Design et compromis : le cas du nouveau Blackberry

all design is a series of compro­mises ; but good design finds the right ones. (Doug Bowman)

Blackberry Passport
Blackberry Passport

Avec la Surface, Microsoft est l’ar­ché­type de la compa­gnie qui, à force de ne vouloir faire aucun compromis, finit par faire les pires et sortir un produit batard. Le cas du Blackberry Passport parait diffé­rent puis­qu’il vise un public précis (les profes­sion­nels) et qu’il est prêt à sacri­fier certains cas d’uti­li­sa­tion (la vidéo) au profit d’autres (la bureau­tique). Pourtant la situa­tion est simi­laire.
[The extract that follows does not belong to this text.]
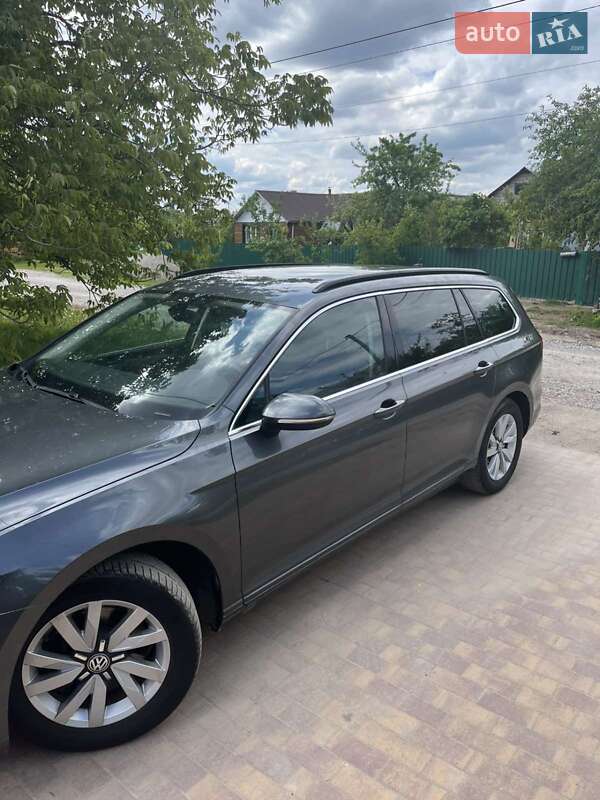 Универсал Volkswagen Passat 2016 в Виннице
Plusieurs critiques ont vu dans le Passport l’achè­ve­ment de ce que Blackberry fait depuis quinze ans, une manière de se démar­quer en persé­vé­rant dans les même choix formels. À mon humble avis, c’est plus compliqué : l’en­tre­prise essaye de satis­faire les derniers fidèles et les gens n’ayant jamais été convaincus par les claviers virtuels, tout en s’adap­tant à l’air du temps. L’ancienne promesse était : vous aurez un petit écran (3.1” le plus souvent) mais un bon clavier, vu que votre acti­vité essen­tielle est d’écrire et converser. La nouvelle est : puisque les écrans sont de plus en grands, les appli­ca­tions de plus en plus puis­santes et que vous voulez faire de plus en plus de choses sur votre télé­phone, vous aurez un clavier physique et aussi un grand écran. C’est là que les compromis se trans­forment en impos­sible jeu d’équi­li­briste.

En guise d’exer­cice pour comprendre le dilemme, consi­dé­rons une autre solu­tion : le clavier coulis­sant. C’est d’abord un gros défi tech­nique et augmente forcé­ment l’épais­seur. Ensuite, on perd en modu­la­rité puisque le clavier ne peut s’adapter au contexte (mode adresse mail, mode mot de passe, etc.) et que l’OS n’a pas l’air de profiter de la rangée de carac­tères virtuels. Enfin, le clavier est placé en mode paysage sur la plupart des modèles (malgré d’ho­no­rables tenta­tives comme le Palm Pre ou le Dell Venue, ce qui complique l’uti­li­sa­tion. Personnellement je ne sais jamais dans quel sens tenir ces machins. En ne sacri­fiant rien du clavier et de l’écran, cette solu­tion fait naitre encore d’autres contraintes.

Revenons à la solu­tion retenue par Blackberry : le clavier a une ergo­nomie douteuse (trop large pour taper à une main, placé trop bas) et ses trois rangées de touche ne satis­fe­ront pas les habi­tués d’un jeu de touches plus complet. La peti­tesse du clavier permet un plus grand écran, mais qui fait « seule­ment » 4.5” (par compa­raison, le Galaxy Note fait 5.7”). La forme carré est inté­res­sante et permet de ne pas hésiter en perma­nence entre les deux orien­ta­tions, mais elle empêche surtout de profiter des avan­tages de chacun (par exemple portrait pour Twitter, paysage pour les jeux). Il y a quelques trou­vailles, notam­ment le clavier tactile qui permet de scroller et déplacer le curseur, mais rien qui rattrape une ergo­nomie globale criti­quable.

Bref, on ne peut que respecter la tenta­tive de Blackberry, mais elle tourne à la quadra­ture du cercle et finit par compro­mettre ce qui faisait sa force, à savoir une bonne expé­rience de frappe. Son erreur a sans doute été de croire que celle-ci signi­fiait forcé­ment un clavier physique et d’ignorer des alter­na­tives comme les écrans immenses des phablets.